The background of the plagues of Egypt was the refusal of Pharaoh when Moses asked him to let the israelites leave Egypt and settle elsewhere in the land as free people. The Biblical narration begins with a reminder of the Jews' entry into Egypt with Jacob, who joined Joseph there.

In Judeo-Christian sources (maily mentioned in the biblical books of Exodus and Deuteronomy), the "Plagues" are ten disasters inflicted on the Biblical Egypt by the God of Israel in order to convince the Pharaoh to allow the Israelites to depart from slavery, each of them confronting Pharaoh and one of his Egyptian gods; they serve as "signs and marvels" given by God to answer Pharaoh's taunt that he does not know Yahweh: "The Egyptians shall know that I am the LORD".
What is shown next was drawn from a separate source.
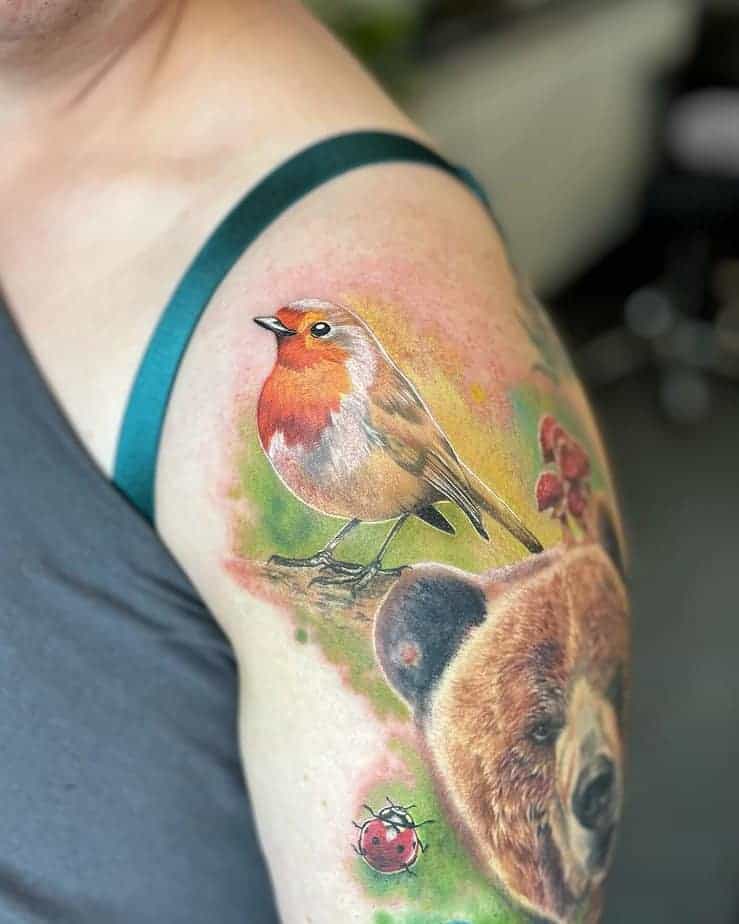 20. Realistisches Rotkehlchen-Tattoo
The Quran states that God decreed punishments over the Pharaoh and his people. These punishments came in the form of floods that demolished their dwellings, swarms of locust that destroyed the crops, pestilence of lice that made their life miserable, toads that croaked and sprang everywhere, and the turning of all drinking water into blood. Each time the Pharaoh was subjected to humiliation, his defiance became greater. The Quran mentions that God instructed prophet Moses (Musa) to travel at night with the Israelites, and warned them that they would be pursued.

Religious Traditions

circa 1350 BCE

Biblical Account
The biblical account of the plagues, mentioned in the biblical book of Exodus, describes a series of ten disasters (traditionally accepted number) that God brought on Egypt when Pharoah refused to let the Israelite nation leave. According to the narrative, the Israelites had been slaves in Egypt for 400 years until God sent Moses to deliver His chosen people. The Bible describes these episodes as a series of events happening one after the other in the following order; water turning to blood, frogs, lice, flies, livestock pestilence, boils, hail, locusts, darkness, and the death of firstborn children. Several attempts have been made to find natural explanations for the plagues (e.g., a volcanic eruption to explain the "darkness" plague), but have been dismissed by biblical scholars on the grounds that their pattern, timing, rapid succession, and above all, control by Moses mark them as supernatural.

circa 1350 BCE

Islamic Perspective
The Islamic account of the plagues, mentioned in brief detail in Surah al-Qasas (28th chapter of the Quran), is sort of an abridged version of the Biblical account. According to the Quran, God decrees punishments over the Pharaoh and his people, but makes moderate mention of the preceeding events (the interaction between prophet Moses and the Pharaoh and his princes/magicians as mentioned in the Bible) and the sequence of the "plagues" is also absent. The Quranic account of the "Plague of Egypt", describes five plagues i.e. floods, locusts, lice, toads and turning of drinking water in to blood. Just as in the biblical account, Quran also does not provide the name of the Egyptian king, rather call him Fir'awn, (also spelled as Fir'oun), making it quite difficult to date the event.